” I always felt like music was another way for me to express myself,”
An eclectic soul with a creative mind; Jevon is the embodiment of the word artist. Hailing from West London by way of Coventry, Jevon’s rise to fame is a story that not too unfamiliar. Born and raised in Mozart, West London, the 25-year-old found his calling in music after being relocated to Coventry to live with his grandparents. A self-professed “bad-kid,” Jevon is a cerebral artist who draws from his personal experiences and channels his trials and tribulations as a youth, to create music that is personal, ultra-relatable and transcends across the usual barriers of boroughs, postcodes and genres. Introduced to the world via his work on Nines’ 2017 album One Foot Out, Jevon would play an integral part in defining a new sound of RnB that would across the U.K before stepping out onto front of house with his own breakout single, Man Of The Hour. Now a little older, a lot wiser and with a brand like Havana Club onboard, Jevon is ready to debut his album that has been four years in the making.

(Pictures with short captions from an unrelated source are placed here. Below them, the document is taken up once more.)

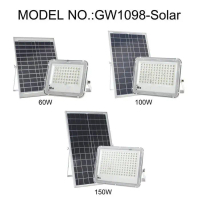 LAMPU SOROT LED TENAGA SURYA 150WATT / SOLAR CELL 150 WATT PANEL 150W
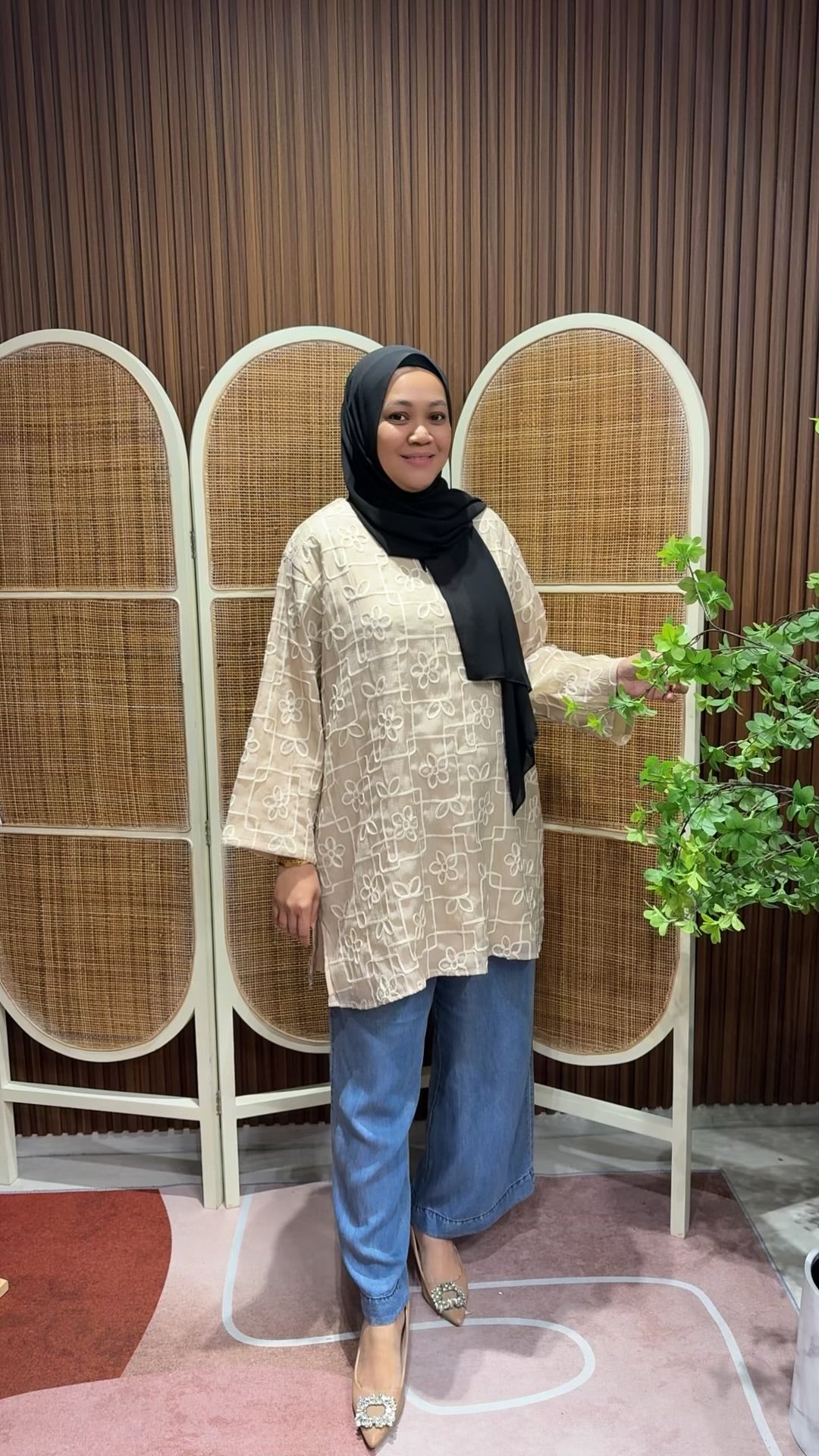 Adinda Cotton Eyelet Tunic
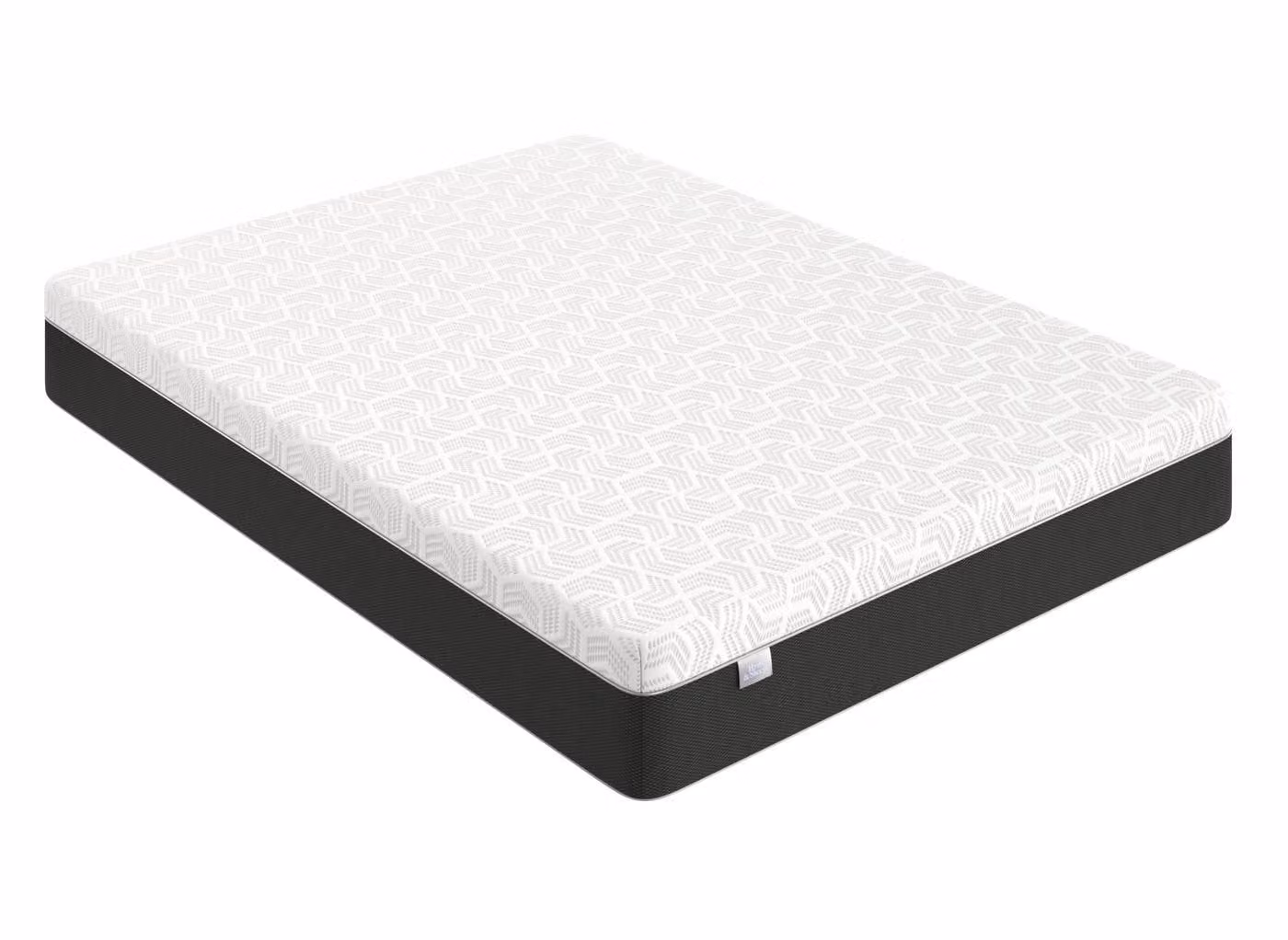 Hyde and Sleep Hybrid Ice Memory Foam Mattress in White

With a heritage born out of Cuban street culture, and a growing following in the UK, Havana Club have launched a program to give a little something back to the scene. By continually collaborating with up- and- coming talent from a variety of disciplines, the rum brand are providing a platform for rising stars to develop their craft. The recent partnership with Jevon is a continuation from their projects with Rapper Skinny Malone & Designer Mia Joseph.

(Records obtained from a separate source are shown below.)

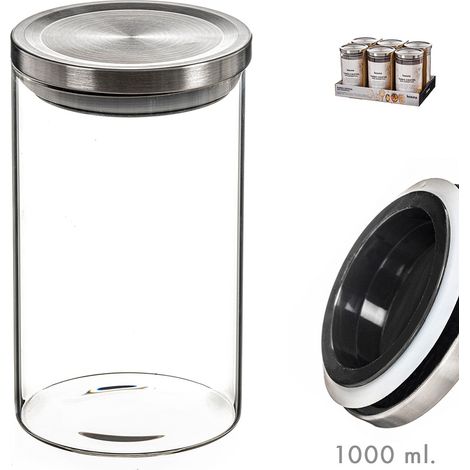 Glasbehälter mit Metalldeckel 1000ml Kozina - Kozina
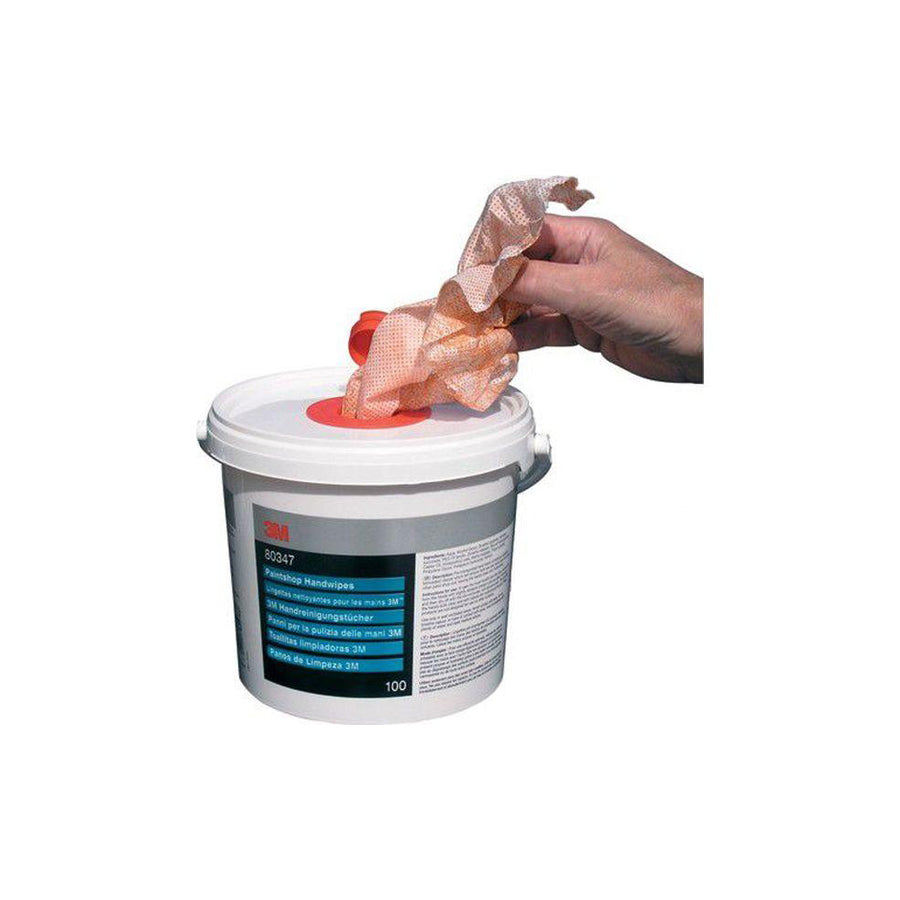 3M HandWipe 80347 Hand cleaning wipes Dispenser Box, Lanolin, with Aloe Vera, Quantity: 100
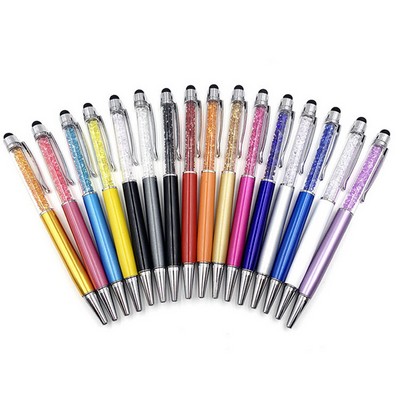 Colorful Crystal Stylus Pen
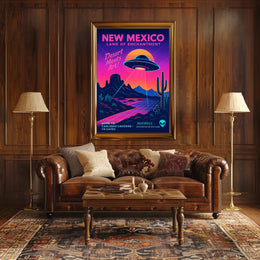 New Mexico Land of Enchantment Poster PosterGoat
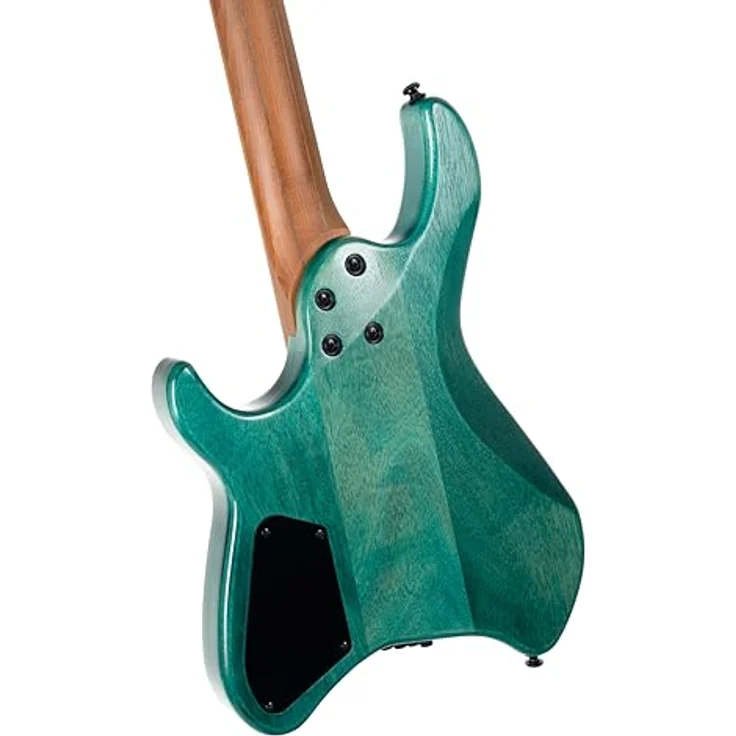 Cort Space G6MS SGTQ, 6-saitige Headless Multiscale E-Gitarre, Okoume Korpus, Turquoise Semi Gloss, mit 2 Cort Voiced Tone VTH-77 Humbuckern und Gigbag – Bild 6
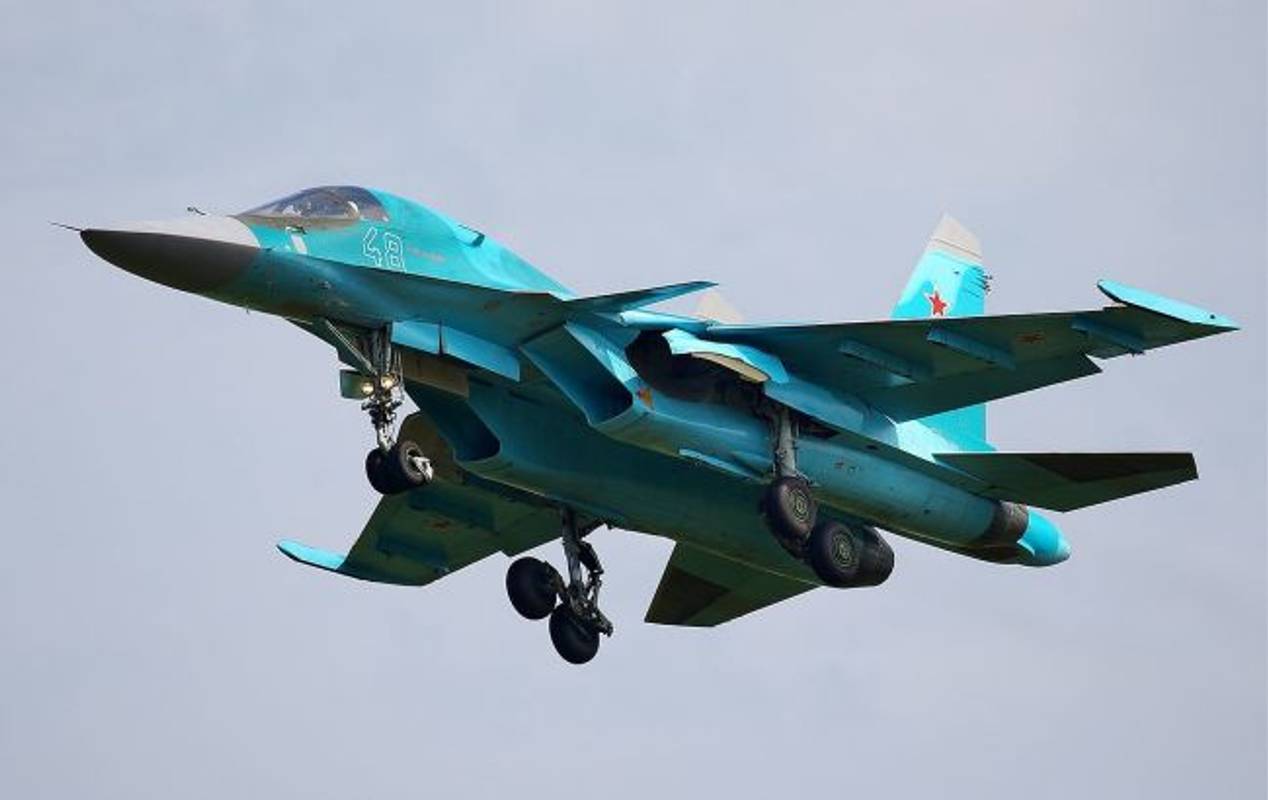 На світанку ЗСУ збили російський Су-34, який скидав бомби на Запоріжжя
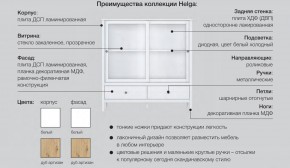 Гостиная модульная Хельга белая в Кусе - kusa.mebel74.com | фото 6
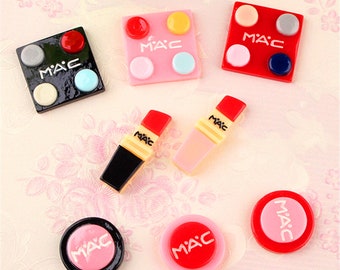 5/10/20pcs Resin Modern makeup set cabochon scrapbook kawaii DIY embellishments accessories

We caught up with Jevon to talk about everything from his distinctive mashup of Grime, Hip-Hop, RnB and Reggae, to why his debut album may be his ONLY album.

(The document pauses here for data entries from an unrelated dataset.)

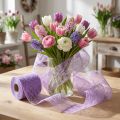 Polár 8cm 25m lila | Floristik24.hu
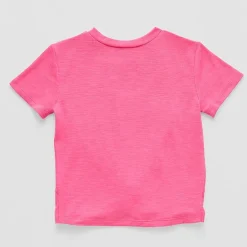 Okie Dokie Toddler & Little Girls Round Neck Short Sleeve T-Shirt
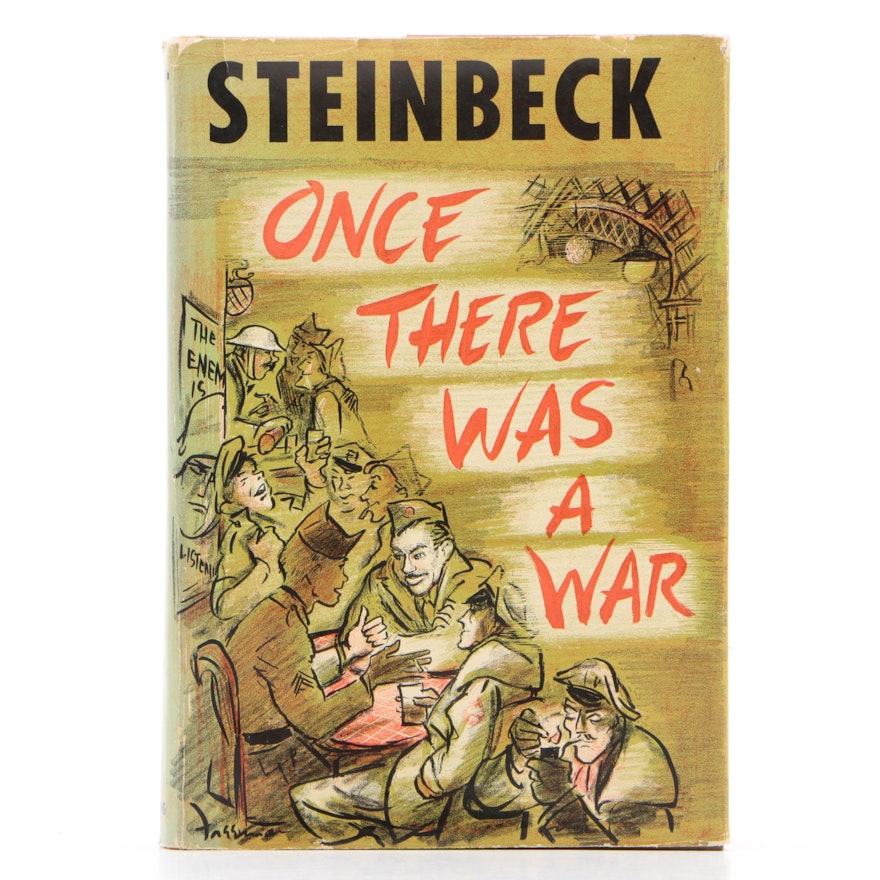 First Edition "Once There Was a War" by John Steinbeck, 1958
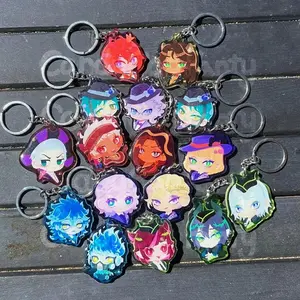 Twisted Wonderland Chibi Bust Acrylic Keychain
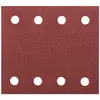 Image de lot de 10 1/4 papiers abrasifs ponceuse rectangulaire perforé 114 x 102mm grain 40, Makita
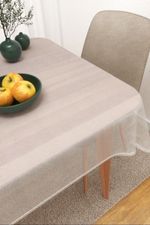 Tischdecke eckig in weiß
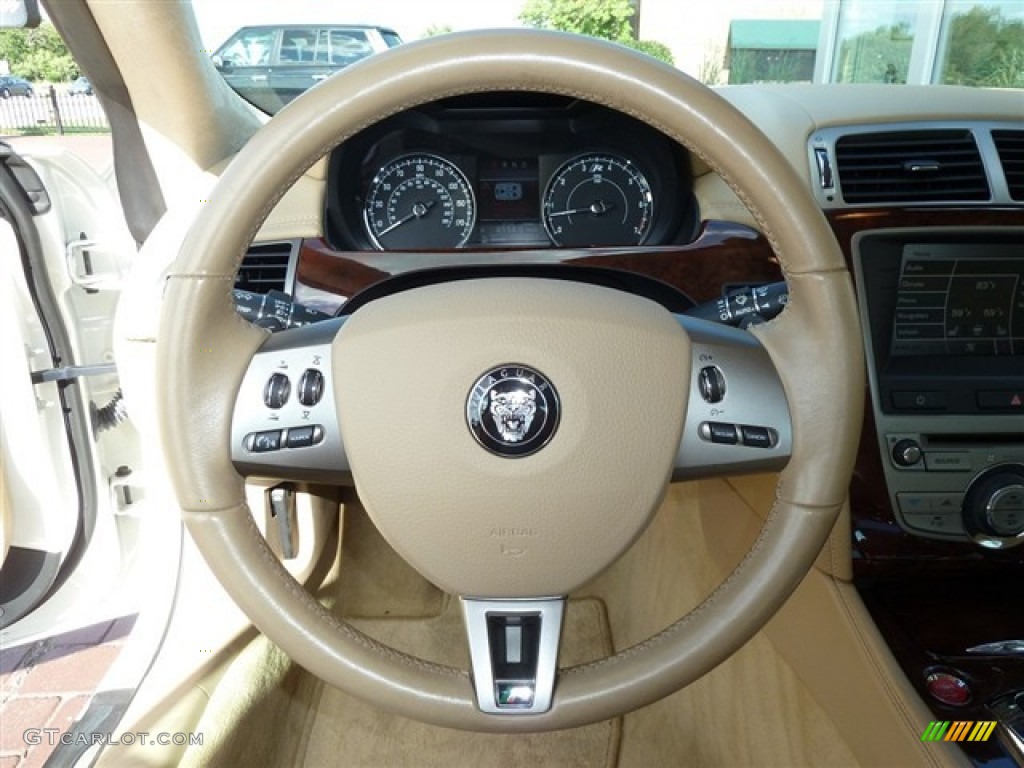 2008 Jaguar XK XKR Convertible Caramel Steering Wheel Photo #52970896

So you grew up in Coventry, that’s a bit of a way from London. How do you think that experience plays a part in your art now?
I think it just gave me a different outlook, especially being away from London. I was hearing music away from London, I was taking in music from people that were making music up in Birmingham and Coventry. I was hearing different styles, you know so I was open to trying new things and implementing that in my music because it was a different bounce, you get what I’m saying.
Do you think how the album is received or how well it does, and it meets all those aspirations that you previously had – your career trajectory changes and you’re bound for the stars – do you think that’ll change your mind on still wanting to be an artist or does it now matter to you now?
Do you know what it is bro, I’ve set myself a realistic goal of what I want from this album. So who knows, because I’m not expecting anything from this album I just want people to just listen to it, take it in and that’s all I need, and just respect what I’ve done and appreciate the art. But, I’ve already set my expectations, like your saying, I’ve already said I’m going on, I’m going to swim to this point and get my carrots and swim back to the beach, or just get my fish – I’m not trying to get more fish than I need and then end up drowning myself. That’s like a weird way of explaining that. I’ve set a realistic expectation and I’ve got some many other things I can focus on musically, just in terms of around me right now, there’s so much talent which I’m like yeah, I want to help you, you’ve got something, let’s put you in with this person here or this producer. I’ve done that a lot and I feel like a lot us don’t share knowledge bro and it’s annoying. People don’t share knowledge and it pisses me off because I’m thinking fam, the whole point of you learning is so you master what you learn and then pass it on and share your knowledge. I just like curating and putting people together man.
So is that the next path you’re going to take? Because the way I see the music scene now there’s a lot of eyes on emerging and upcoming talent, so as someone who’s had to deal with the pressure of realising their own potential, how did you deal with it, and what knowledge would you share with someone else on dealing with pressure to make it?
The first thing I say is there’s no pressure because ultimately I can work with an artist and say them, I can hear what their potential is and I can say right cool, “what do you want to do?” but you have to be realistic with them and say anything is possible but it’s going to take a lot, it’s going to take a hundred and ten thousand hours in the studio but it can happen and it’s just about guiding. I’m all about quality control. I’m all about making sure the art and the music are perfect, is right before you start thinking about other things and before you start thinking about videos and all the other stuff. Just think about the music first and then go into what’s next.
And looking a bit forward now, when it’s all said and done how do you want your contribution to music and to the scene to be remembered? Especially with you saying you’ll be taking a step back from being an artist.
I just want people to study it, and appreciate it being a classic. Like you see how we look at The Miseducation of Lauryn Hill and being always able to just listen back to it; I want it to be that kind of album where you can always go back to it and listen to it and be yes, this is my tune.
Yes, timeless. Play it at your wedding and play it at birthdays.